The fact that our patient had associated motor weakness indicates that this case cannot simply be labelled as Wallenberg syndrome. Review of the patient's MRI of the brain indicated that there was extension of the infarction superiorly to involve the ipsilateral pons via the left middle cerebellar peduncle as well as inferiorly to the lower aspects of the medulla, slow to the cervical spinal cord (fig. 1). The large extension of this lesion explains her unfortunate presentation. Her most significant motor weakness was noted in her left lower extremity. This most likely occurred as a result of involvement of the caudal medulla and possibly the cervical spinal cord, where motor fibers have already decussated in the medullary pyramid, allowing for ipsilateral symptoms relative to the location of the infarct. In addition, her 4/5 muscle strength in her other extremities may have been multifactorial in nature. Possible causes include the stress of just having undergone a stroke, undergoing multiple physical exams, and deconditioning secondary to her recent pregnancy. Lastly, we cannot rule out the possibility of motor fiber involvement superior to the main lesion leading to the mild contralateral weakness that was found on exam.

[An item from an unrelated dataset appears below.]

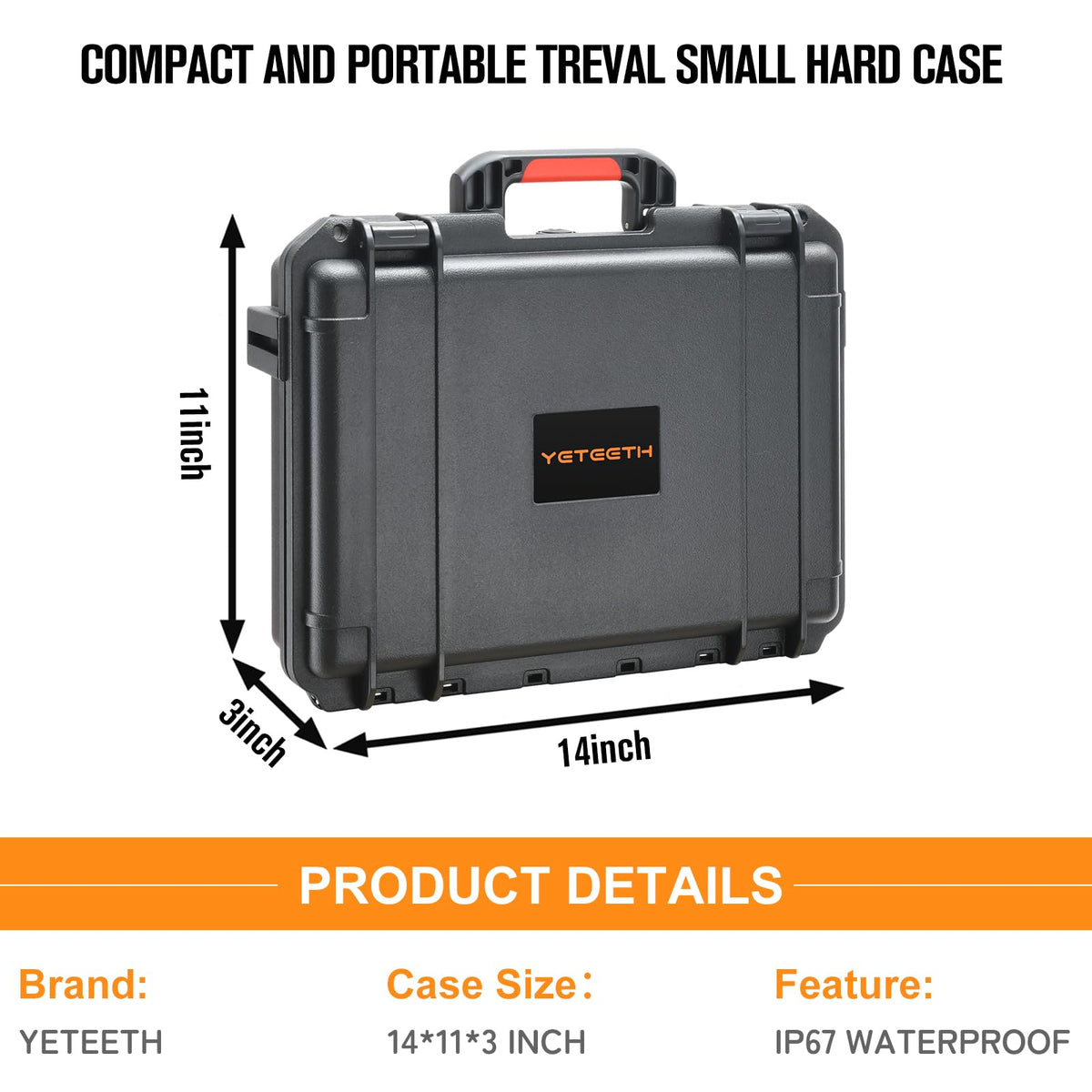 YETEETH RC2 controller fit in hard case ensures safe transport and ready operation.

Finally, although our patient was not officially diagnosed as having a Wallenberg plus syndrome, these syndromes should be quickly reviewed, as knowledge of their presenting signs and symptoms can be invaluable to a patient's rapid diagnosis, treatment, and prognosis. Two major syndromes categorized as Wallenberg plus syndromes include Opalski syndrome (ipsilateral hemiparesis) and Babinski-Nageotte syndrome (contralateral hemiparesis) [9]. Their differences depend upon whether the original infarct is found to extend cranially or caudally in relation to the pyramidal decussation in the medulla, and has recently been the topic of debate. Liu et al. [10] considered the motor deficit to result from compromised medullary penetrating arteries which supply the pyramidal fibers below the decussation. Conversely, Dhamoon et al. [11] described this as a regional perfusion failure of the border zone between the anterior and posterior spinal arteries. In this argument, the likely cause would be a hemodynamic alteration due to vertebral artery occlusion, or in our case, dissection. There has been some debate on whether hyperreflexia should be included in the classic definition of Opalski syndrome. Hermann et al. [12] have pointed out that generalized hyperreflexia and/or a Babinski's sign rarely present in these patients since Opalski's original description [13].

Conclusions

Lateral medullary stroke (Wallenberg syndrome) can have a variable presentation of signs and symptoms dependent on the brainstem nuclei and spinal tracts involved. Diagnosis of these syndromes requires clinical skill to determine neurologic signs and symptoms as well as radiologic studies including MRI/MRA of the head and neck to identify the location of the lesion. The prognosis of a stroke can be determined by its severity and results of serial neuropsychological assessment.

Statement of Ethics

The authors have no ethical conflicts to disclose.